Whether you want to boost your electric vehicle’s mileage during Canadian winters and summers — or you want some reassurance that an EV can handle the swings in our climate before you buy — these tips offer ways to improve an EV’s performance and range no matter what the temperature.
Cold Weather Driving Tips
It’s well-established that cold weather takes a toll on an EV’s range, mainly because the battery has to both power the car and heat the cabin. While internal combustion engines produce extra heat that can be re-directed to keep drivers and passengers warm, EV motors are more efficient, and the motor generates little additional heat to draw from.
All the same, a few simple steps can lead to improved EV driving in cold weather:
Make sure your tires are at the correct pressure
Underinflated tires — by even a few PSI — can make make a meaningful difference in the rolling resistance, and in turn the efficiency, of an EV’s battery. Keep in mind that the air pressure in a tire can vary quite a bit when the temperature changes, so it’s a good idea to check the pressure regularly throughout the season.
It’s also worth noting the importance of choosing tires specifically designed for electric vehicles. EVs need tires with thicker sidewalls to support the additional weight and lower rolling resistance, which contributes to their efficiency.

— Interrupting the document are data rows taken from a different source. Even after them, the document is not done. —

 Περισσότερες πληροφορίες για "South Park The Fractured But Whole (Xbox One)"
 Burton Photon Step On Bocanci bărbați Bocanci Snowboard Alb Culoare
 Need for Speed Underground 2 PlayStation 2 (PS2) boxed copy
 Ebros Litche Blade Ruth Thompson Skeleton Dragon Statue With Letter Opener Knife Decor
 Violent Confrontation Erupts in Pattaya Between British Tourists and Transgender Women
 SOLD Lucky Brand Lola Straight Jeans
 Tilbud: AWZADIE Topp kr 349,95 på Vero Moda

Set your climate control to “eco” mode
In eco mode, your car uses less electricity so you don’t use too much of your battery heating the inside of the car. Also, some EV models have a ‘driver only’ button and others automatically deactivate the vents when they sense there isn’t a passenger.
Another trick is to use seat heaters and your steering wheel heater to keep you warm, as they use less electricity than climate control.

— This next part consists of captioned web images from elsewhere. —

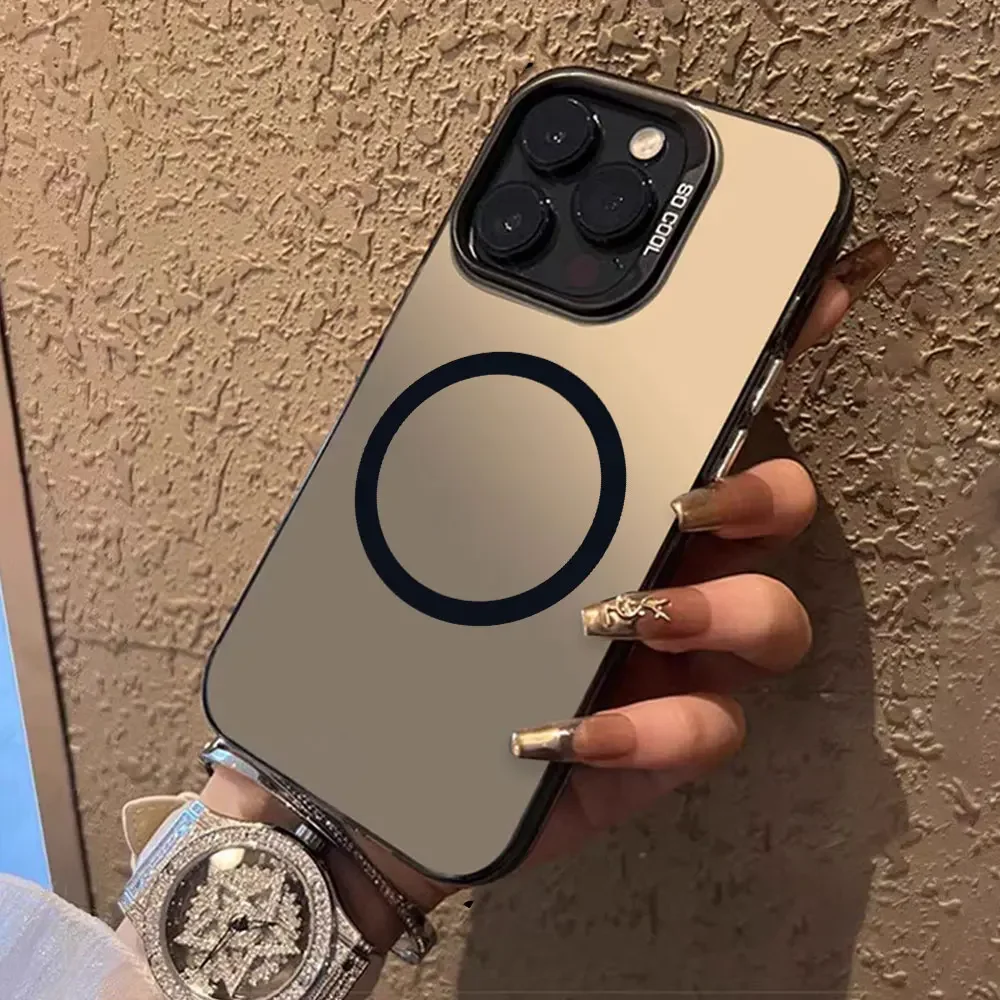 Magnetic Wireless Charger Sticker Case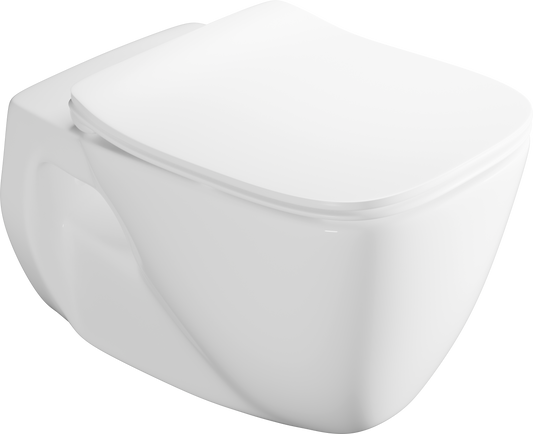 Architectura K Wall Mounted Toilet With Douche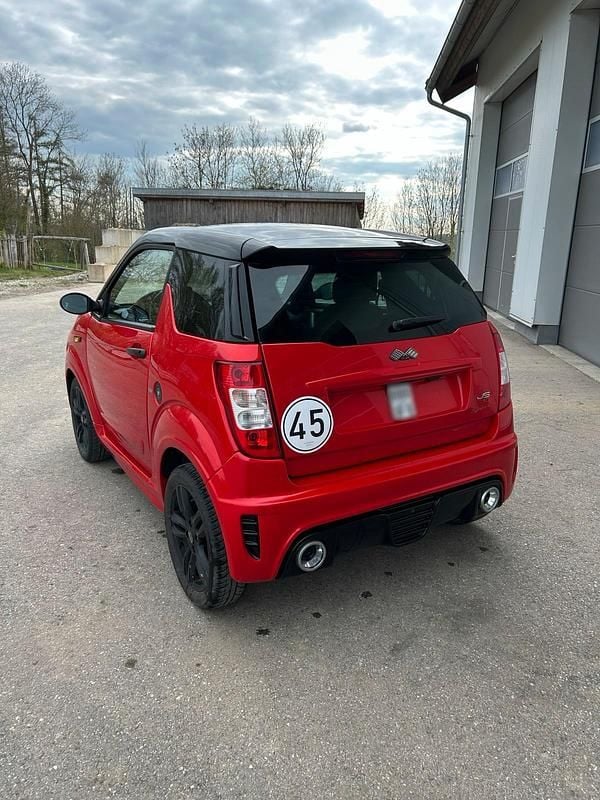 Usado Ligier JS50 2020 Vermelho Citadino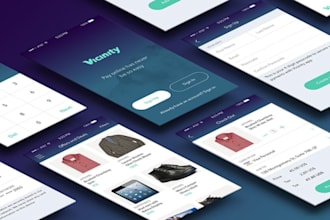 do UI UX design for app or webpage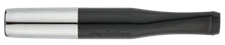 Denicotea Original - Silver & Black Cigarette Holder with 10 Free Filters  20242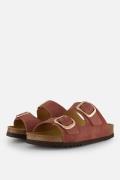 Scholl Noelle Sandalen rood Suede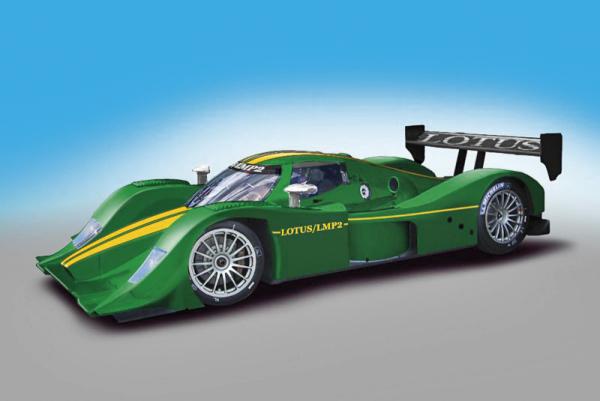 Купе Lotus будет выступать в классе LMP2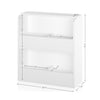 Vinyl Record Shelf and Bookshelf, White (pre-order ships 6/30/25)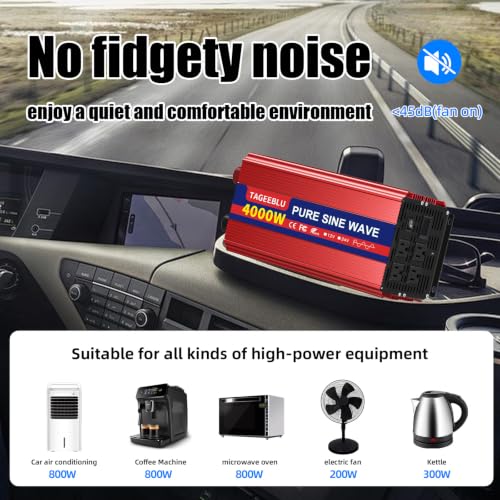 4000W 24V Pure Sine Wave Inverter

Pre-heat the car while it’s plugged in
It’s no fun getting into a cold car in the winter, and by pre-heating your EV while it’s still plugged in, you’re not relying on the battery to do the heavy lifting when it comes to getting the interior temperature just right for your drive.

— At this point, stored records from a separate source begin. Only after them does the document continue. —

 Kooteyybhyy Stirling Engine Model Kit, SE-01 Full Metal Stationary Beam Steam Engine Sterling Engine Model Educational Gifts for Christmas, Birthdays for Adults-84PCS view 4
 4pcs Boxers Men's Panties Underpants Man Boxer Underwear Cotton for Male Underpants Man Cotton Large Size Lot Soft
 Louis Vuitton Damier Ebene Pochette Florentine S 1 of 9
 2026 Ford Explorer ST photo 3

Plan your stops and know where the charging stations are along your route
EVs aren’t the only type of vehicle to be affected by the cold. Extreme temperatures can significantly affect fuel consumption in conventional gasoline cars, just as they can reduce the range of electric vehicles.
But, because people are used to finding gas stations and easily topping up their tanks, the drop in efficiency is less noticeable in fuel-powered cars. EVs get more than their fair share of attention when the temperature dips because of the need to recharge when the battery gets low. As such, mapping out the charging stations along your route — especially for a long trip in the middle of winter — will give you confidence that your EV’s battery can handle your drive and your comfort.
Adapt your driving
When you want to conserve electricity, the way you drive your EV can go a long way. Accelerating more slowly, avoiding harsh breaking, and watching your speed will all help preserve the battery.
Hot Weather Driving Tips
Running your car’s A/C in the summer can be just as much of a power drain as the heater in the winter. These tips can help keep you cool even when the mercury soars.
Avoid rapid charging whenever possible
While rapid charging is super convenient, especially if you’re charging mid-road trip, it does heat the battery and can cause it to work extra hard to keep your car cool.
Park in the shade
Anything you can do to keep your car cool when not in use can help preserve your battery in high heat. Parking in the shade, washing your car in cool water, or keeping it in the garage will all reduce the amount of work the battery needs to take on.
Keep your cool behind the wheel
Whatever the temperature outside, moderate driving habits will extend the life of your battery — and your car. Avoid harsh breaking, sudden acceleration, and sharp turns whenever possible.
Pre-condition your car when it’s plugged in
Just as it’s best to pre-heat the car in the winter, pre-cooling it in the summer while it’s still plugged in will give you a head-start in the comfort department. By stepping into an already-cool car before you drive means less work for your battery to do later.
Limit the weight in the car
The heavier your car is, the harder it has to work. So if you’ve got some hauling to do, try to do it when the temperature’s not quite so high.
Electric vehicles work best when they’re in comfortable temperatures. Understanding what affects an EV’s range, how to manage these factors and knowing where the charging stations are along your route can give you confidence that your electric car — like you — can handle the Canadian climate just fine.